In contrast to a standard Metropolis algorithm, which uses a fixed proposal variance, the adaptive version adjusts the tuning variance throughout the MCMC run. This is done in batches, typically every 25 samples, and attempts to achieve a target acceptance rate of 0.43. Each batch provides feedback about how the chain is mixing, and the tuning variance is updated accordingly. This helps accelerate convergence, especially for parameters like $ \phi $, which are difficult to sample efficiently due to their strong influence on the shape of the spatial surface.

In practice, users of spOccupancy need to specify four key values when using the adaptive Metropolis implementation:

tuning: The initial tuning variance.
accept.rate: The target acceptance rate.
n.batch: Number of MCMC batches.
batch.length: Number of MCMC samples per batch.

The total number of MCMC samples is the product of n.batch and batch.length.

The classic framework for occupancy studies uses a grid of $ J $ sites, each visited $ K $ times. These repeated surveys allow estimation of both the occupancy probability $ \psi $ and the detection probability $ p $, which are confounded in single-visit datasets. The observed detection histories, such as $[1, 0, 0, 1]$, are used to infer whether a species is truly present but missed, or genuinely absent.

Choosing the right number of sites and visits is nontrivial. It depends on your goals. Do you want to estimate occupancy with a given precision? Compare two habitats? Detect a trend over time? Evaluate a new detection method? Or model population dynamics? The optimal survey effort looks different for each objective.

For basic estimation of occupancy, the main concern is the cumulative detection probability, defined as:

$$p^* = 1 - (1 - p)^K$$

This represents the probability of detecting the species at least once across $ K $ visits, given that it is present and detection probability per visit is $ p $. To design your survey, you can define the total number of surveys $ T = J \times K $, and then optimize the allocation between sites and visits.

MacKenzie & Royle (2005) offer practical advice based on simulations.

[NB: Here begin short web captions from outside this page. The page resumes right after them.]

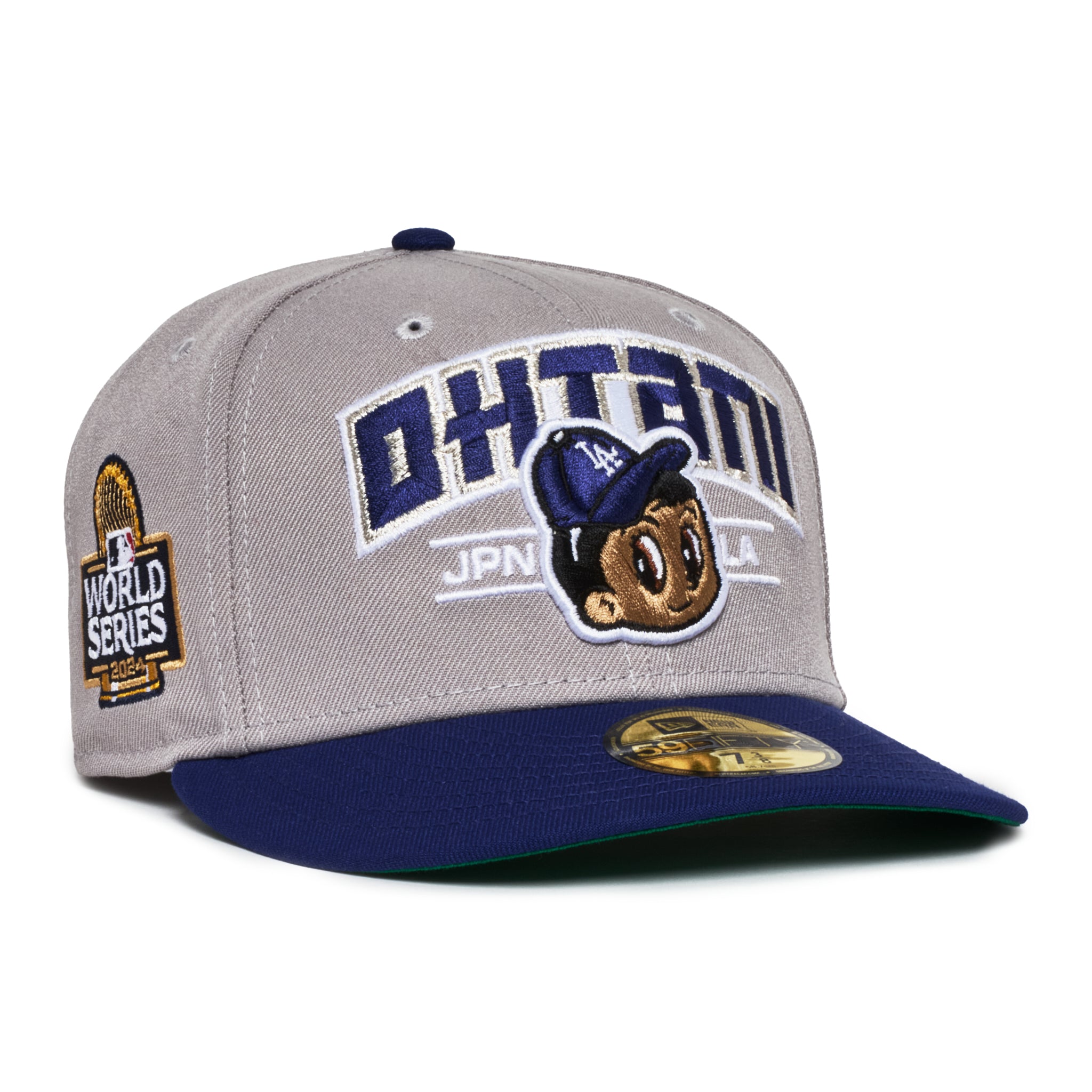 Los Angeles Dodgers New OHTANI Grey and Royal 2024 World Series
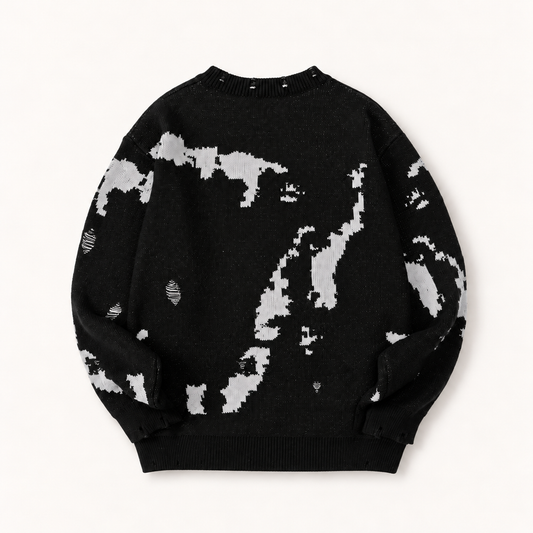 Urban Edge Graffiti Sweater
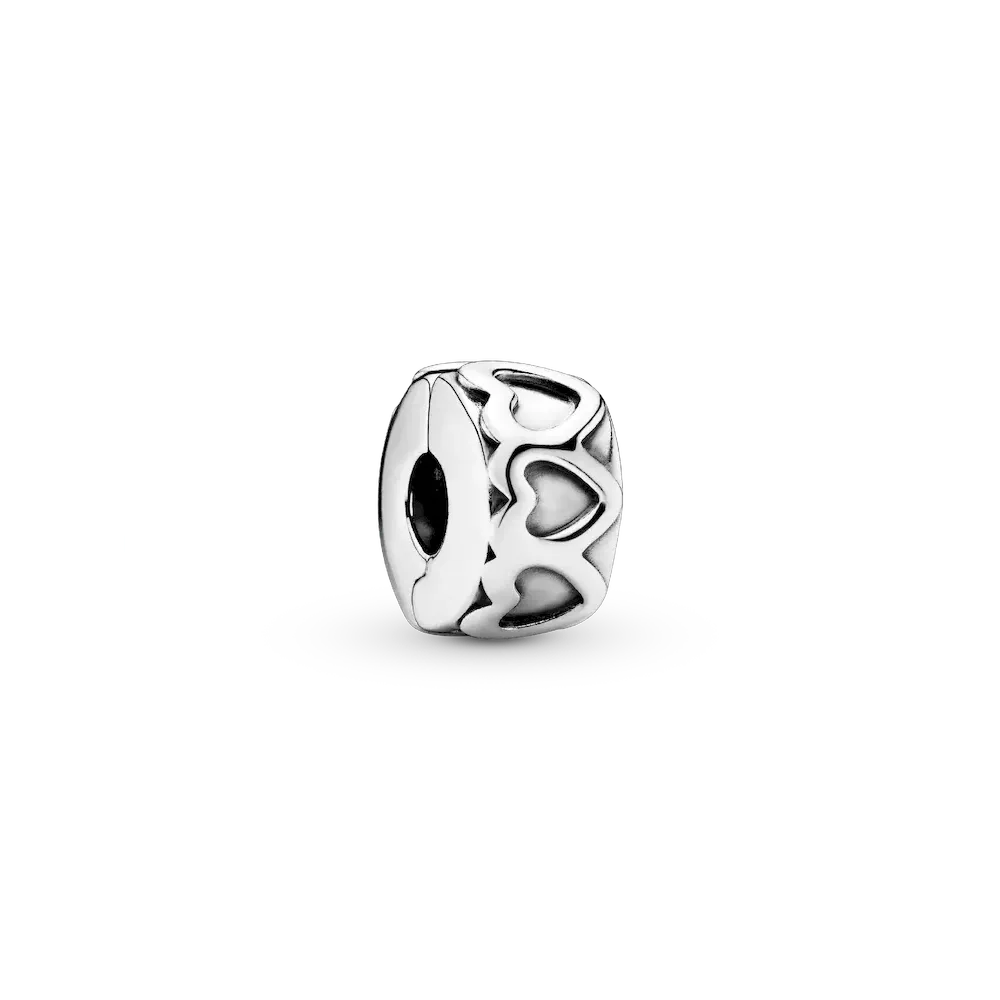 Band of Hearts Clip Charm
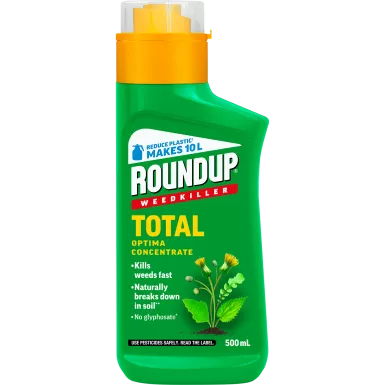 Roundup Total Optima Concentrate 500ml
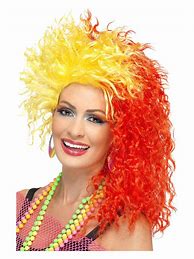 Image result for 80s Wigs for Women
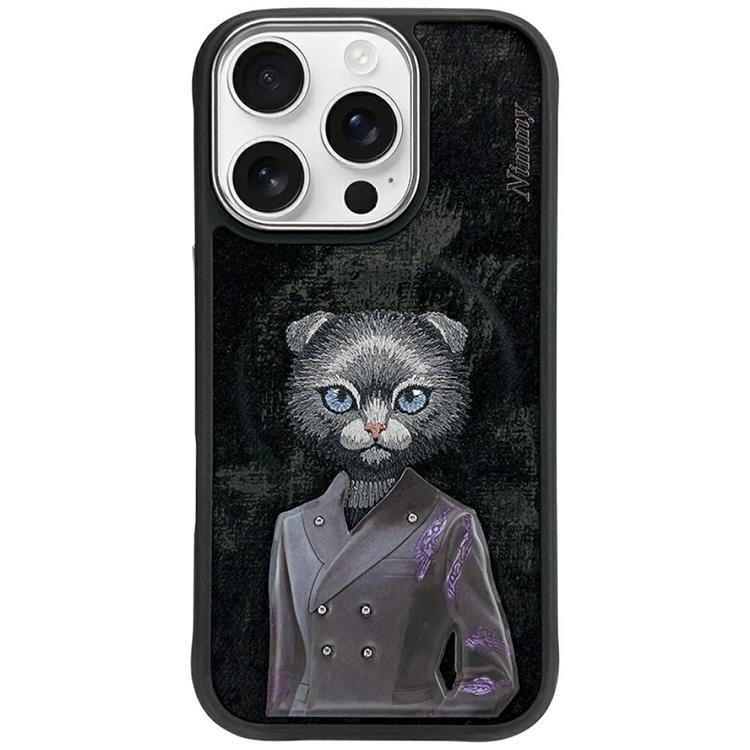 Nimmy iPhone 16 Pro Mobilskal MagSafe Fashion Cute Pet | 2353 | AlltMobil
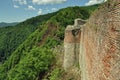 Romania, ruins castle of Dracula Royalty Free Stock Photo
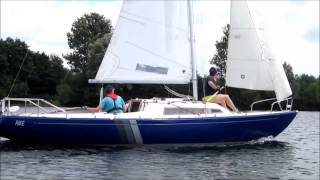 preview picture of video 'H Boot auf dem Adolfosee 2014'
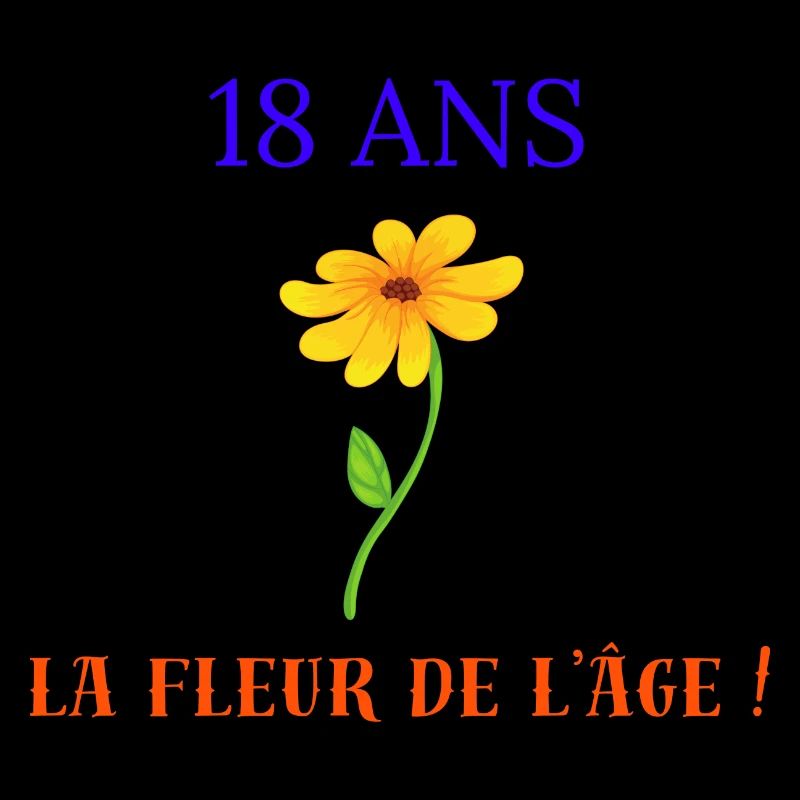 18 ans fleur age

When detection is low ($ p \ll 0.5 $), it is better to concentrate effort on fewer sites with more visits. When occupancy is low ($ \psi \ll 0.5 $), the opposite holds: more sites with fewer visits yield more information. If detection is your main goal, prioritize repeated visits. If surveying new sites is costly, say, due to travel or access issues, it’s again better to revisit fewer places.

In most cases, $ K \geq 3 $ is recommended to allow stable estimation of detection probabilities. When your study includes multiple species, it’s often safest to design around the rarest or hardest-to-detect species. That design usually works for everything else.

The lecture then introduced alternative designs that deviate from the standard “$ J $ sites with $ K $ visits” format. The removal design stops visiting a site after the first detection. If a species is detected on the first visit, there’s no need to return. This can save time and resources. It’s particularly effective when occupancy is moderate to high ($ \psi \geq 0.4 $). The removal design yields lower standard errors than the standard design under these conditions.

A second alternative is the conditional design, where every site is visited once, and only those with a detection are revisited. This approach was explored by Specht et al. (2017) and others. It is especially efficient for rare species with low detection probability, where many sites are likely to yield no detections at all. The first visit acts as a filter, identifying candidates for further effort.

A third hybrid is the mixed design, also known as “double sampling” or “fractional replication.” Here, a subset of sites receives only one visit ($ J_S $), while another subset ($ J_R $) is visited $ K $ times. This design can reduce field costs when some data is already available or when resources are limited. However, single-visit data only help if the species is very easy to detect. Otherwise, their contribution to parameter estimation is marginal. Still, when combined with repeated visits, even a few single-visit data points can slightly improve inference, particularly when occupancy and detection are modeled using continuous covariates.